Match the Colors of the Apple

The green skin on the left side of the apple isn’t very saturated.

I start by painting the green on the left side of the apple. It’s mostly white, with Benz Yellow, and a small touch of Phthalo Blue. Add a small amount of Quinacridone Magenta to dull the green down slightly. It’s definitely not a bright green.

The center part of an apple is darker than you would expect. If you look at the swatches of color on the reference photo, it looks like it’s black. However, it’s actually a very dark burgundy color. The other areas of the apple also contain brownish reds.

The pink color at the top left of the apple is mostly magenta, yellow, and some white to lighten it. You’ll have to adjust the ratio of colors until it’s a close match.

Use the same pink to paint the top right of the apple but mix in some white and a small amount of Phthalo Blue to make it duller.

Up until this point, I was only using Quinacridone Magenta and Benz Yellow to mix the reds. In case you’re wondering, you can mix your own red because it’s not a primary color. I use the Pyrrole Red here because I need a red that’s more opaque to cover over what I already painted.

Making the Final Refinements

“McIntosh” Acrylic on canvas, 2.5″ x 3.5″

So far I’ve blocked in the basic colors of the apple. The rest of the painting is making small adjustments and smoothing the transitions between colors.

If you watch the video, you’ll notice that I painted the dark burgundy area numerous times. It’s much darker than what you anticipate. So if your apple doesn’t look right, it could be that you didn’t go dark enough.

Another finishing touch is to add the very dark part of the shadow underneath the apple.

The stem is has a neutral highlight on the left and a dark brown in the center.

I took the time to paint in a subtle reflection of the apple in the stone surface that it’s resting on. It’s optional, but I find that some of these subtle details are what can make a painting.

Tips on Blending Acrylics

Blending is a matter of personal preference, and it depends upon the type of paint you’re using. Oils will stay wet for a long time so you can continue blending as much you want. The downside is that you can’t paint over wet paint very easily. I have another post on blending techniques for acrylics if you’re interested in a more in depth demonstration of acrylic blending techniques.

Blending Regular Acrylics

Regular acrylics dry fast. It helps to use a water bottle to mist the paint on your palette to keep it wet. You can also use a wet palette to keep them wet longer.
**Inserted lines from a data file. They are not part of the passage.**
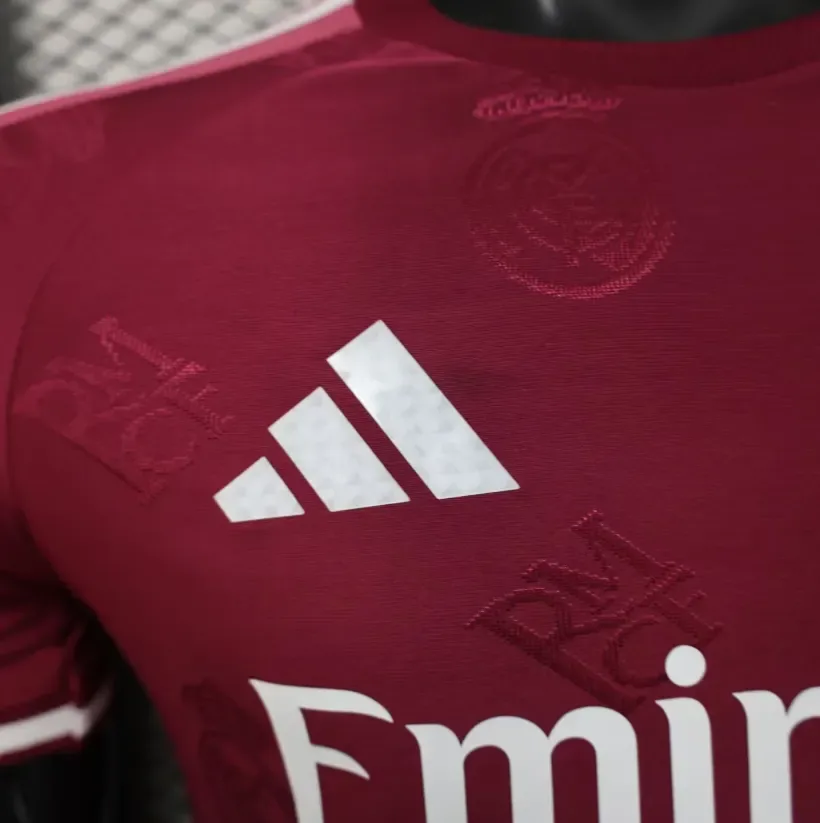 Real Madrid 2026/2027 Versión jugador Real Madrid Edición especial 01 Camiseta de fútbol 2026/27 — 4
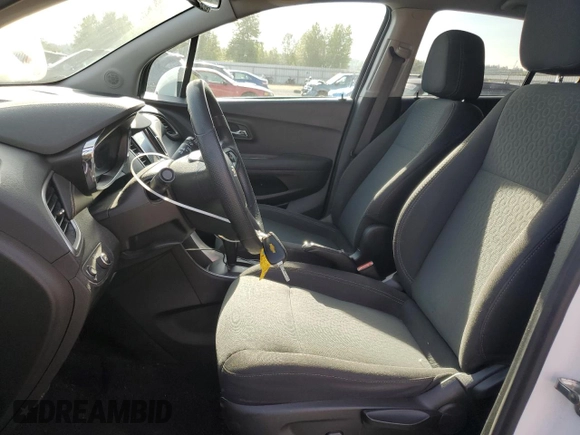 2020 Chevrolet Trax LS z VIN 3GNCJNSB5LL298453, wystawiony jako Copart lot #59903695 z przebiegiem 58 832 mil mil oraz Szkoda całkowita • Salvage title. Historia ofert i sprzedaży dostępna na DreamBid. Obrazek 7.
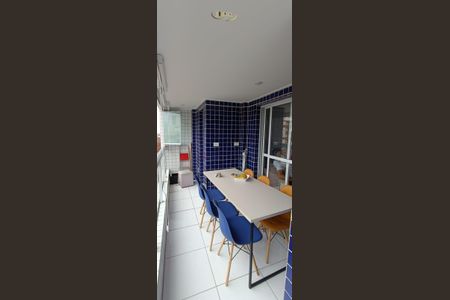 5_photo/94ce202e91.c4a86b3c211625c7-ATLAS-d0eeb7d4-67bd-48cd-8fa7-6c2a3e73ae43.jpg de apartamento à venda com 2 quartos, 60m² em Vila Caiçara, Praia Grande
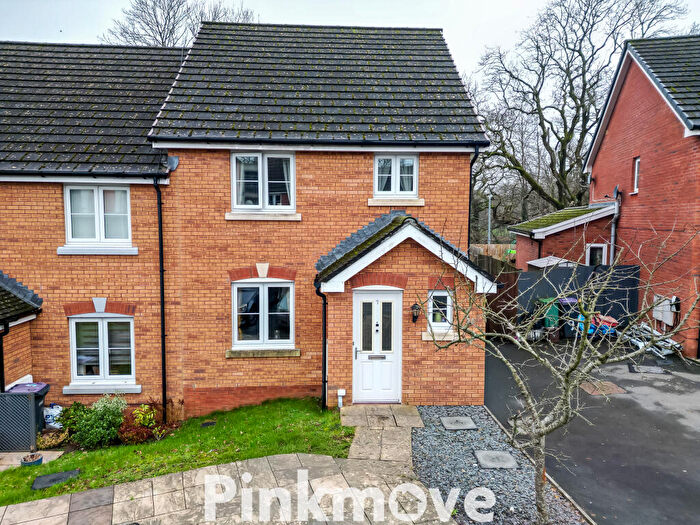 3 Bedroom End Of Terrace House For Sale In Thorncliffe Road, St. Dials, Cwmbran, NP44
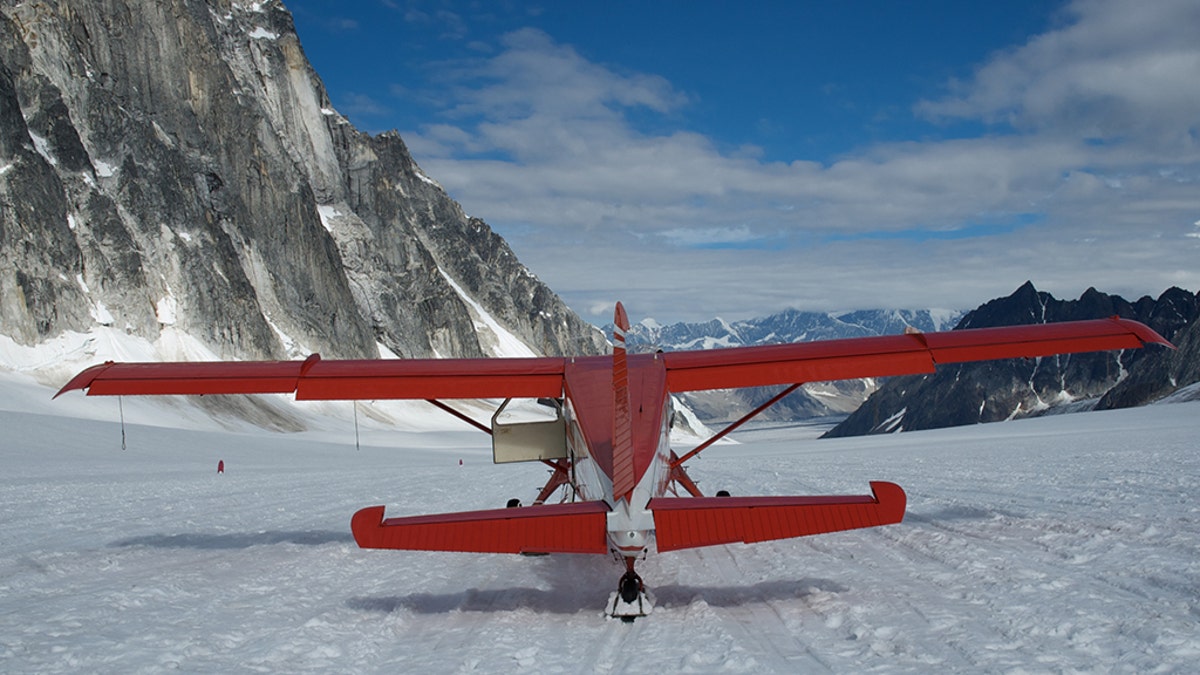 K2 Aviation Plane landing  on Denali Park Alaska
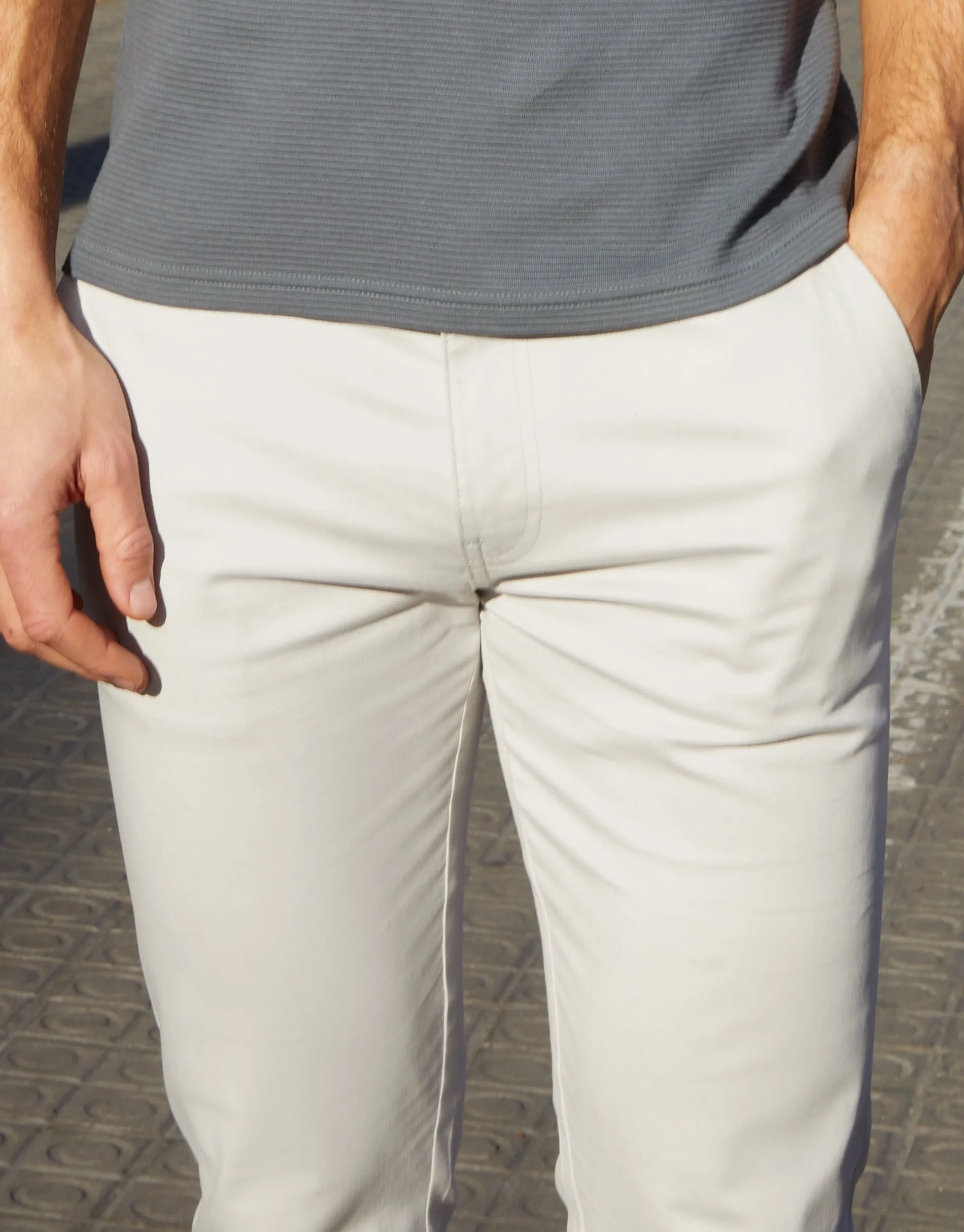 Men's Off White Regular Fit Chino Trousers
Here’s my review of the Masterson’s Sta-Wet palette. The palette has a sponge in it and the lid will keep the moisture locked in so you can store it for days without having the paint dry out.

One strategy is to work on small areas of the painting so you can blend them while they’re still wet. It’s also possible to mist the canvas with water to prevent the paint from drying out. Thicker layers of acrylic will stay wet longer than thinner layers.

Another approach is to use thinner acrylics and dilute them with water. You can apply multiple layers and build up the color gradually, similar to a watercolor painting. The fluid acrylics from Golden work well with this technique, as do the Soft Body acrylics from Liquitex. Thick, heavy body acrylics require a lot of water before they will flow freely.

Blending Slow Drying Acrylics

Slow drying acrylics, such as Golden’s OPEN acrylics, will stay wet for hours. But it depends upon the environment. They may dry faster in hot, dry, or windy conditions.

I find that they’re the best acrylics for smooth blending. It’s also possible to add retarders to regular acrylics, but I like convenience of being able to squeeze the paint from the tube and use it as it is.

One down side of OPEN acrylics is that you can’t apply them in thick layers because they will remain tacky for a long time. But smooth blending usually requires thin layers of paint so I don’t view this as a problem. You also have the option of creating thick textures with regular acrylics and then painting over them with slow drying acrylics.